Joshua Greene has an article in Nature that raises the most interesting question in meta-ethics: what is the relationship between moral psychology and moral philsophy? Unfortunately, the discussion degenerates into a discussion about the least interesting issue in meta-ethics, whether there is a "fact of the matter" about moral judgments.
A few claims (which I may try to justify later):
-The truth that our moral judgments are basically intuitive does not imply anything about their cognitive structure. Our judgments of whether a sentence sounds right are intuitive, but there can still be a science of linguistics inquiring into why we make those judgments.
-Moral psychology can claim to be the proper heir of the Tradition. This is obviously true of Aristotle, Hume and Smith, but it is also true of Kant, Hegel and Mill. The latter all claim that they are theorizing what we instinctively know.

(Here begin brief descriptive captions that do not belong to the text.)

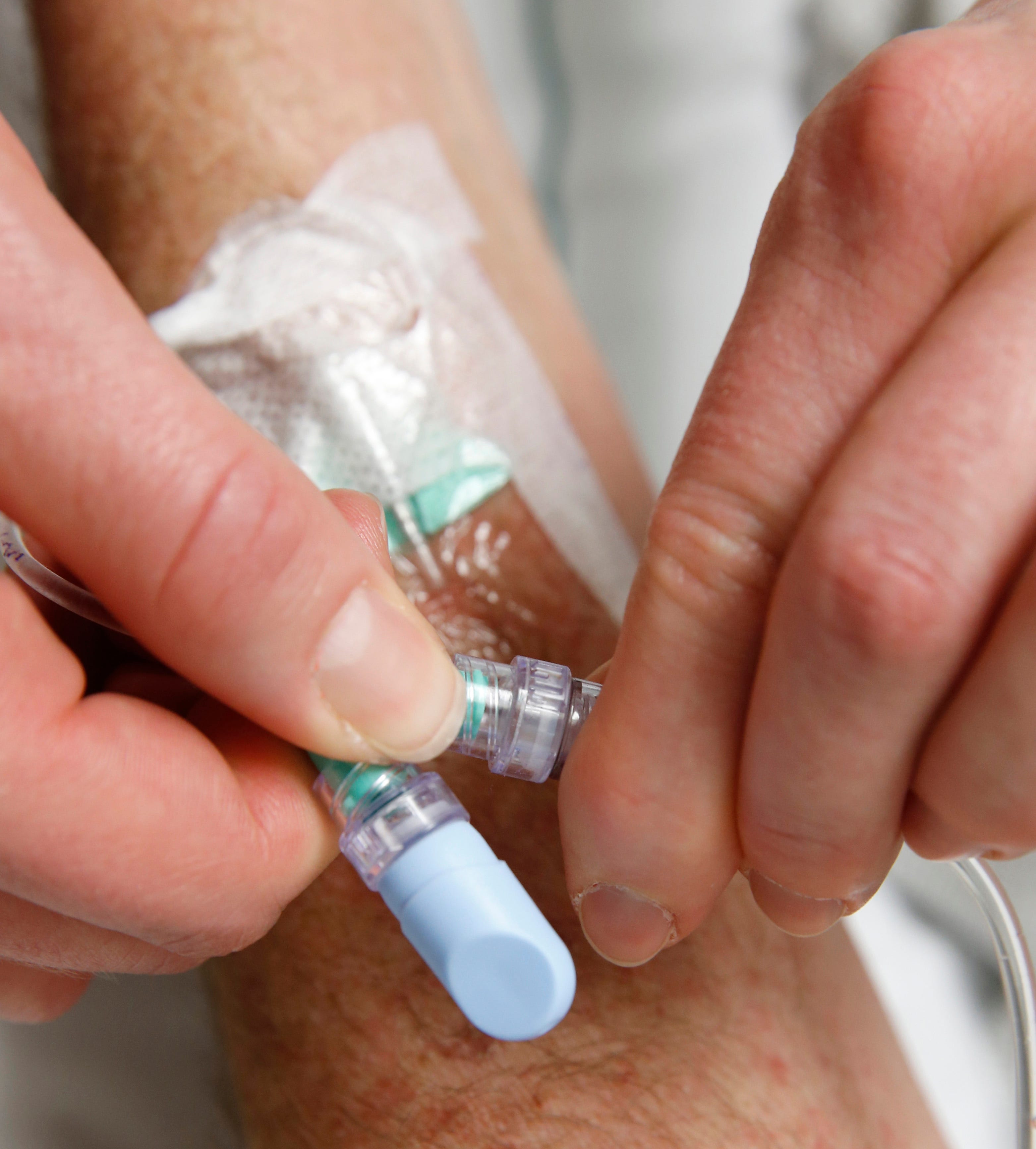 A nurse attaches a bag of saline to a patient's IV catheter. Hospitals are urging the Biden administration to take immediate steps to avert shortages of a common saline used in hospitals and dialysis centers after flooding from Hurricane Helene temporarily closed a North Carolina factory. REUTERS/George Frey (UNITED STATES - Tags: HEALTH)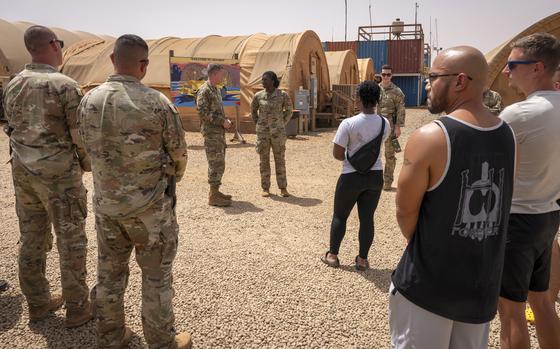 U.S. Air Force Maj. Gen. Kenneth P. Ekman speaks to military members in front of a "Welcome to Niamey" sign depicting U.S. military vehicles at Air Base 101 in Niger, May 30, 2024. 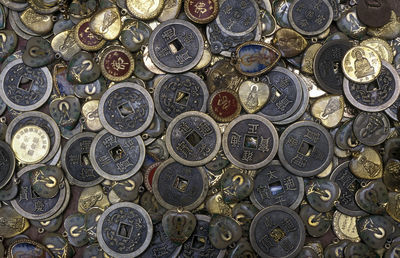 Full frame shot of coins and pendants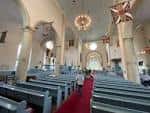 Interior de la iglesia mostrando el pasillo central con alfombra roja y bancos blancos bajo arcos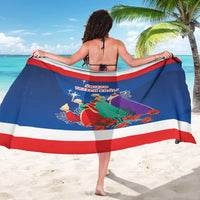 Blue Three Kings Day sarong draped across back with red and white stripe trim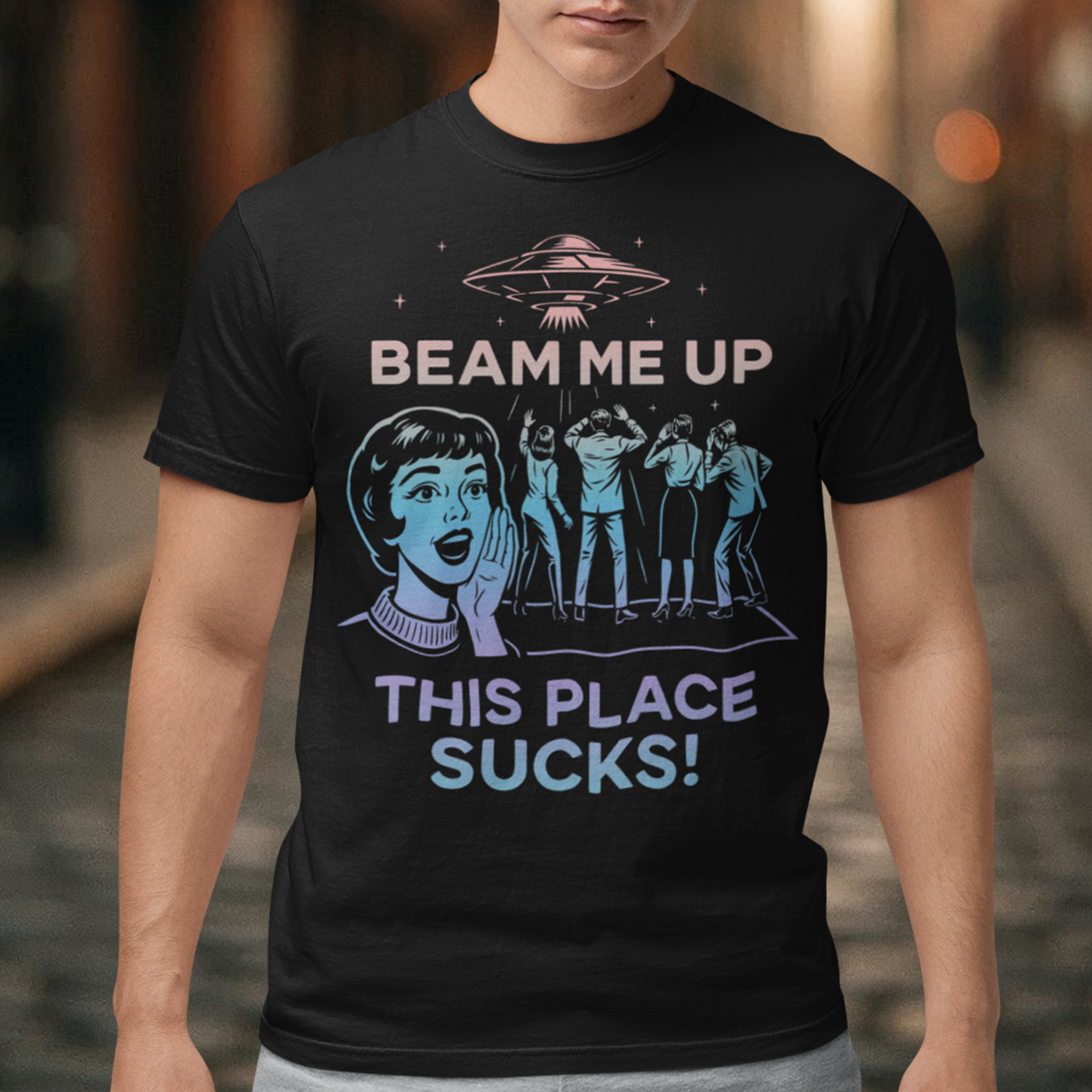 This snark-powered retro UFO t-shirt brings the perfect escape fantasy to life. A vintage-style flying saucer hovers above a crowd while a wide-eyed woman rallies for interstellar rescue, paired with the bold line “Beam Me Up, This Place Sucks!” The design has a classic pulp-sci-fi look that feels like it tumbled out of an old comic rack. Ideal for anyone who survives their days with eye rolls, cosmic daydreams, and a desire to be anywhere else in the galaxy.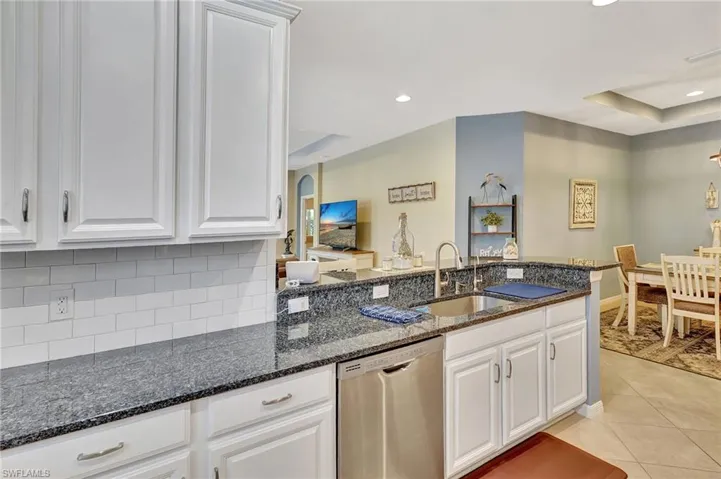 Kitchen featuring light tile patterned floors, white cabinets, a sink, backsplash, and stainless steel dishwasher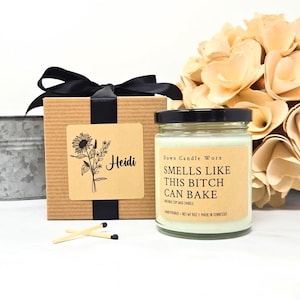 May include: A glass jar candle with a light-colored wax and a label reading "Dawn Candle Worx SMELLS LIKE THIS BITCH CAN BAKE" next to a brown gift box with a black ribbon, a sunflower illustration, the name "Heidi," and two wooden matches.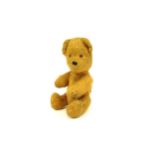 An early 20th Century gold plush teddy bear with humped back, 16cm tall, hard body, moving limbs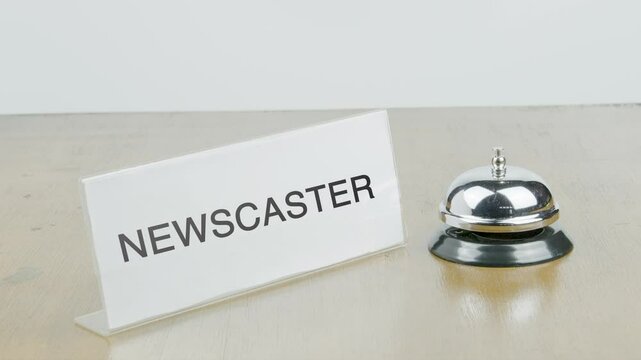Newscaster Room Office or Room with Hand Ringing The Bell on Desk or Table Multiple Times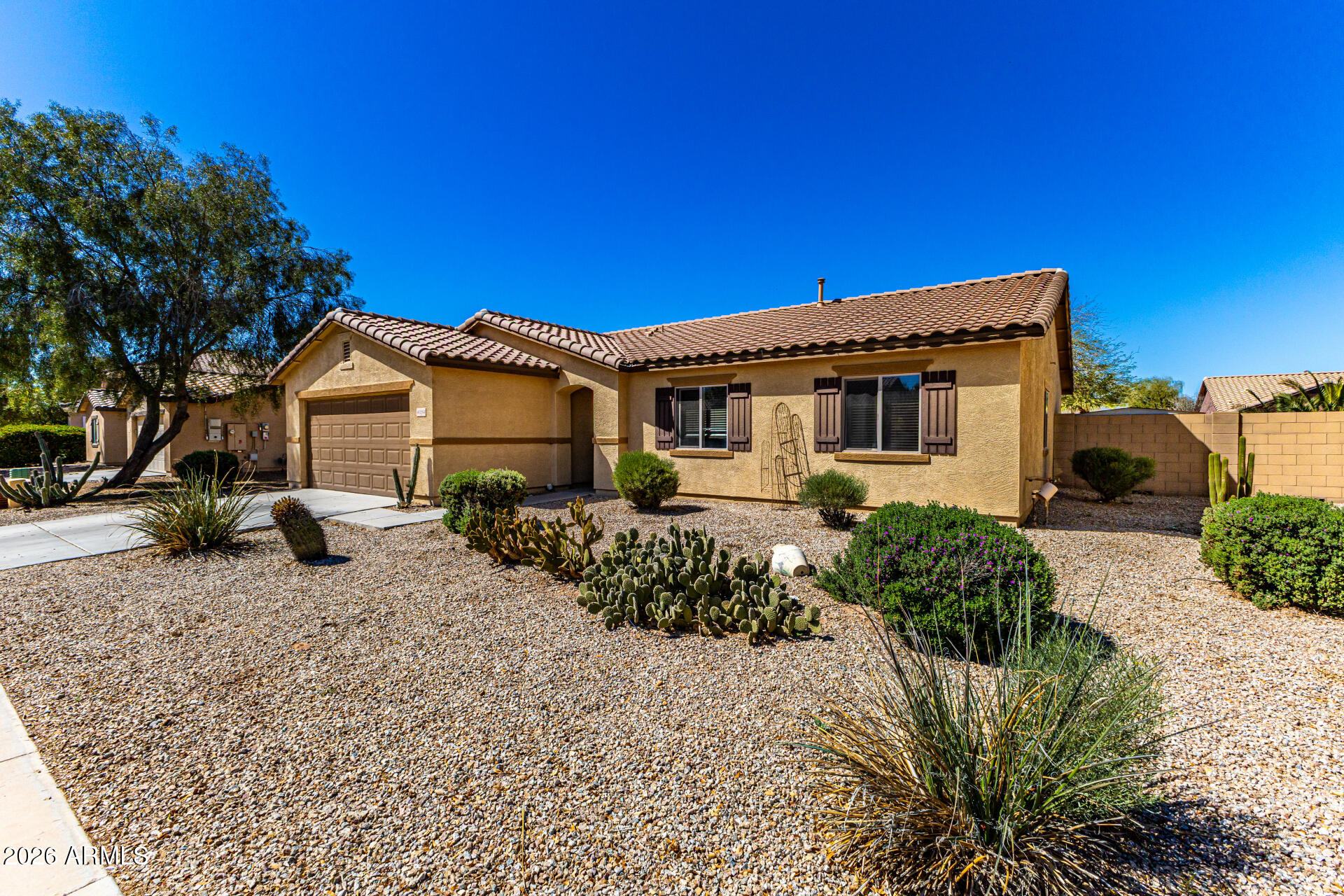 40264 West Lococo Street Maricopa, AZ 85138 - Photo 2 of 29 a front view of a house with a yard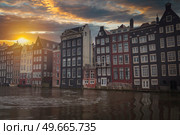 Traditional old buildings in Amsterdam, the Netherlands. Стоковое фото, агентство Ingram Publishing / Фотобанк Лори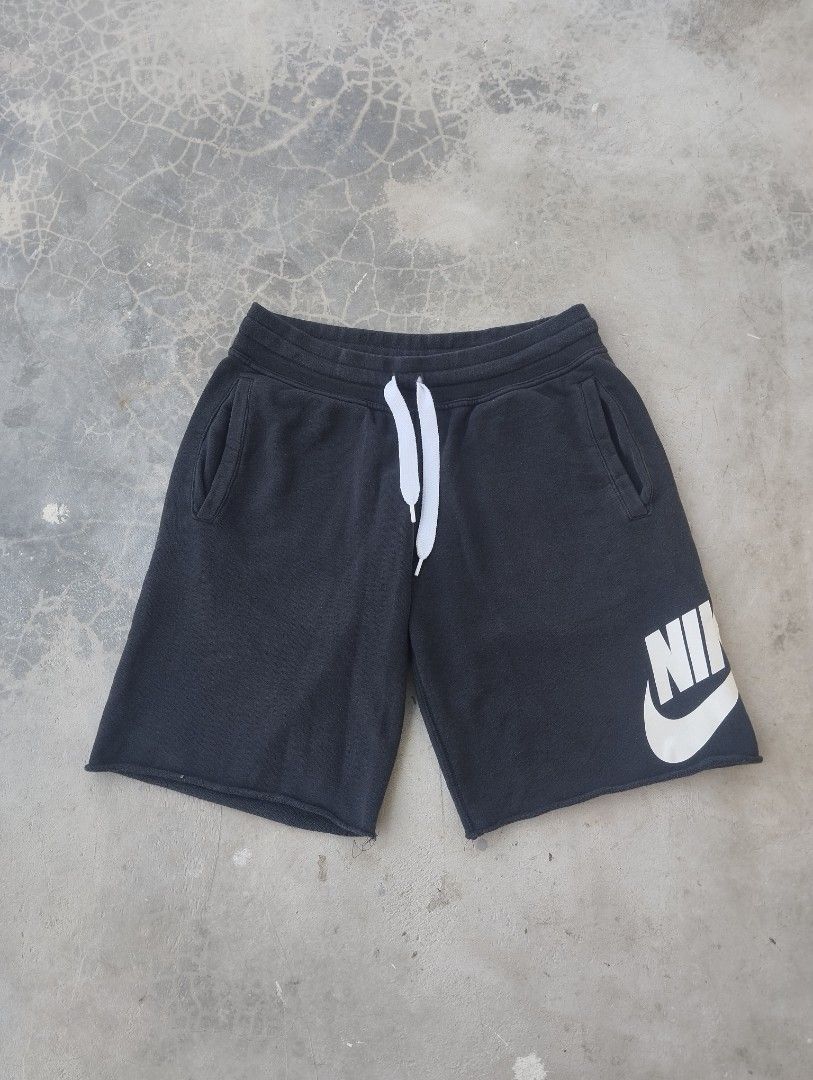Nike Black Sweat Shorts Size M (Category: Shorts) located in Mati. Submitted by old_era.ph (Listing ID 1463789462, Image 2). Description: - Black Nike sweat shorts - Size: Medium - Features classic Nike logo on leg - Adjustable drawstring waist - Raw hem detail - Made in Malaysia - Ideal for casual wear or lounging.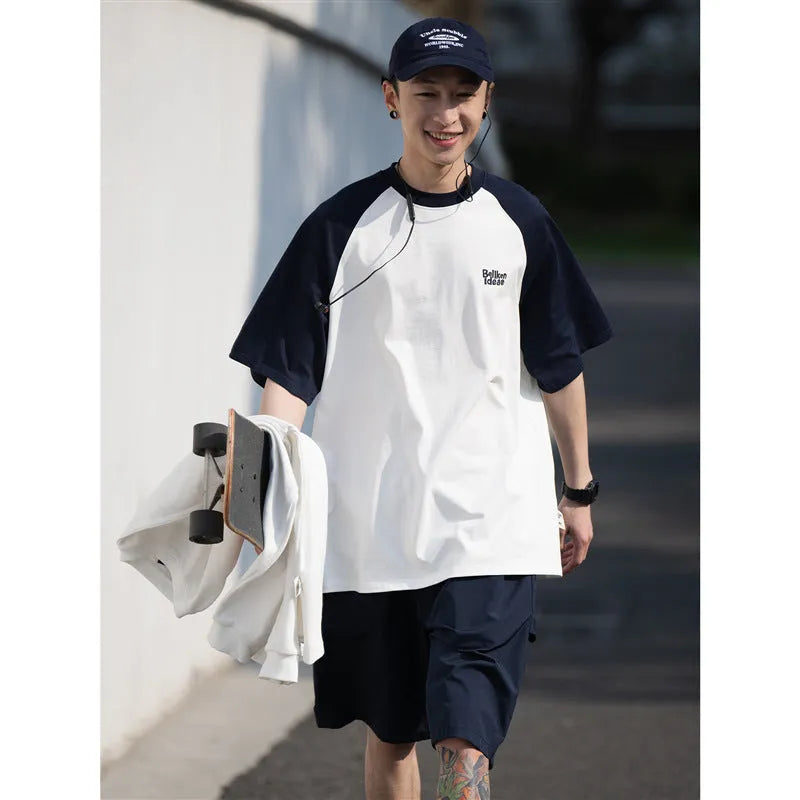 Men's blue Japanese junior style raglan sleeve t-shirt with loose fit on hanger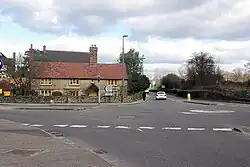 mini-roundabout beside a long, low, 2-storey stone cottage with yellow-painted window frames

-It is true that a normative conclusion can only be validly drawn from a set of premises if at least one of these premises has a normative element. But this is not that big a deal. It could be that the normative premise is totally uncontroversial or a universal law.
-Anyone who believes that there is at least one act or omission that is impermissible, and accepts the implications of deontic logic (If A is permissible, then not-A is not-obligatory and A is not forbidden, and so on) is as much of a moral realist as anyone needs to be. Such a person is accepting that there are moral truths, just as there are mathematical truths. Further inquiry into the ontological status of moral qualities is about as useful as arguing about the ontology of number. Unfortunately, the former arguments sound relevant to questions like whether Israel has any obligations in war, while the latter don't.
-Normative argument is possible, which seems to me to refute non-cognitivism. It necessarily involves reasoning from premises the interlocutor grants, but neither party to the argument justifies. But it is no different from any other type of argument in that respect.
-Since normative argument relies on the intuitions of interlocutors, it matters what those intuitions are. Therefore, moral psycholgy is relevant to the most normative of moral philosphies.
-Moral psychology holds out the hope of incremental, scientific progress, so it is a better way for academics to spend their professional time.